Kennedy Robbins, now four, also has served as “beta tester” for the book and a subsequent game, Arky Arky, that her father also designed for the iPhone.
Robbins published the book, which actually is a long poem, last June and then produced the game several months later. Arky Arky involves moving figures of different animals so that the same ones are displayed vertically. The number of animals to move increases with each level.
Robbins says he understands some people would be surprised that iPhone games and books would be designed for such young children. But kids are used to technology, he says.
“If we were to get an iPhone with games on it 10 years ago, it would have been just a marvel to us,” he says, adding, “But she’s been unlocking my iPhone and playing games on it since she was around two. Just from watching my fingers unlock the phone, she would repeat the pattern, even if she didn’t know what the numbers meant.”
Robbins, who serves as Bayside’s online media director, laughs and observes, “She’s been playing the games – and calling 911 on it for a long time.”
Children such as Kennedy are increasingly aware of how iPhones work because Apple imposes standards that require apps to work in similar fashion. “Three and four-year-olds can anticipate the way something works,” Robbins says.
An example from a visit to a Yosemite hotel is telling. “In the hotel, there was this older kind of TV, but you could use the remote control to check out your bill,” Robbins says. “My daughter went straight to the TV and when she saw the menu, she tried to swipe the screen with her finger to make this thing work.
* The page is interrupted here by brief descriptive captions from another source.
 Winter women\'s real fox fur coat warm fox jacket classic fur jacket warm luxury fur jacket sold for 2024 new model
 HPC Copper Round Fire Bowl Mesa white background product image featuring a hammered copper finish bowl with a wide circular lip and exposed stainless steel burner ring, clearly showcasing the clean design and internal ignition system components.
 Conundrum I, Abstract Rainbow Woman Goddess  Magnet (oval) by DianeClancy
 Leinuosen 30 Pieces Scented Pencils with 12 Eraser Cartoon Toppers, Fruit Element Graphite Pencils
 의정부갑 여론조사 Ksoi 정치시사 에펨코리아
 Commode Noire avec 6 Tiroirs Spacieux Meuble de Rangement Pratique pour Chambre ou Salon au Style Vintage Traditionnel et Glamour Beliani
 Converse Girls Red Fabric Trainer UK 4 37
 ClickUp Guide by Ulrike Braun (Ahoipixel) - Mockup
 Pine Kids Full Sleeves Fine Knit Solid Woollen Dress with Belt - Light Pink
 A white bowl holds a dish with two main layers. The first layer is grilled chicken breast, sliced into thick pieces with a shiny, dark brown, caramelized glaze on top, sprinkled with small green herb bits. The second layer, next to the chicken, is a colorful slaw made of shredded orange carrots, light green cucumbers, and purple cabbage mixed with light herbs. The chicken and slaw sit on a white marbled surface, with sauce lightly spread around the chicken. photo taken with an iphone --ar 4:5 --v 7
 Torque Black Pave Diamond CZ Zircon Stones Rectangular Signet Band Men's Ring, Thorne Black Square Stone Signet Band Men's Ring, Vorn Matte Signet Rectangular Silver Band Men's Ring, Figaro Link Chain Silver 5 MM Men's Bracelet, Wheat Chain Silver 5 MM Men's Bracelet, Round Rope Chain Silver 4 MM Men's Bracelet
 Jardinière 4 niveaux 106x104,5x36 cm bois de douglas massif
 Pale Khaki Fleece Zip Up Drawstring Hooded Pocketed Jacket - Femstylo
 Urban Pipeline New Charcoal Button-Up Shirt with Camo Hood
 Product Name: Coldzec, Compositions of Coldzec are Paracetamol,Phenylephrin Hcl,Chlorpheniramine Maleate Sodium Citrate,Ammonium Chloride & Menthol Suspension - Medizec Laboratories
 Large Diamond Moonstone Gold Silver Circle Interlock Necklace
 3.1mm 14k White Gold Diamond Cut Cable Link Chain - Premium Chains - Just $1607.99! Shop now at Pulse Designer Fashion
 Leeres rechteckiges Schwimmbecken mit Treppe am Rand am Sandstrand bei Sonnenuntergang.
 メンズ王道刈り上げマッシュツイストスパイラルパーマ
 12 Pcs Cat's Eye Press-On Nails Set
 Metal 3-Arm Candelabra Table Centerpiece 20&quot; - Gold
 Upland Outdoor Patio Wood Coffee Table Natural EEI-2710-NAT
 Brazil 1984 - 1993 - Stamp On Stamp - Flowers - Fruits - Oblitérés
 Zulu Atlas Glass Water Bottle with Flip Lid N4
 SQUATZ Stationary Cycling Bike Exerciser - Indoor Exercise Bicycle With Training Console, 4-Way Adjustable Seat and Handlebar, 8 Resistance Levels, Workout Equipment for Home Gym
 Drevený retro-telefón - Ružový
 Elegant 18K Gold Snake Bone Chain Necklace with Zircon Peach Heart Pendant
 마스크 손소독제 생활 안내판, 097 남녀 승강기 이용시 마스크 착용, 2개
That’s how ingrained working that kind of device is.”
That knowledge has led Kennedy to play an important role while Robbins programmed the book and game. “She would sit on my lap, and I would run it on the simulator for her and see what was too hard for her,” he explains. “I wasn’t listening to what she was saying about it, but I was watching the way she wanted to interact with it.”
“The game I’m working on now is much more complicated,” says Robbins. “She sits on my lap every night. She’s really excited about being my beta tester. That’s a long way from when I was four.”
Programming the apps, which he had never done, also was a way for Robbins to develop those skills for his job at Bayside. “That gave me really digestible chunks to learn,” he says. “I wouldn’t try to learn entire app programming. I would learn just how to get an image on the screen. Then I’d learn how to get that image to move.”
That moving image in the iPhone book is a ladybug that crosses the screen. Children can collect bugs by tapping on them. A subsequent version for the iPad doesn’t include the bugs, but does feature a moving sun as the book progresses through a day at Yosemite.
Yosemite also played an inspirational role in the book. The illustrations, done by a friend, are based on views within the park.
“There has to be something wrong with you to stand in the middle of the El Capitan meadow and think this is probably all accidental, that this wasn’t the work of the hand of a creator,” Robbins adds.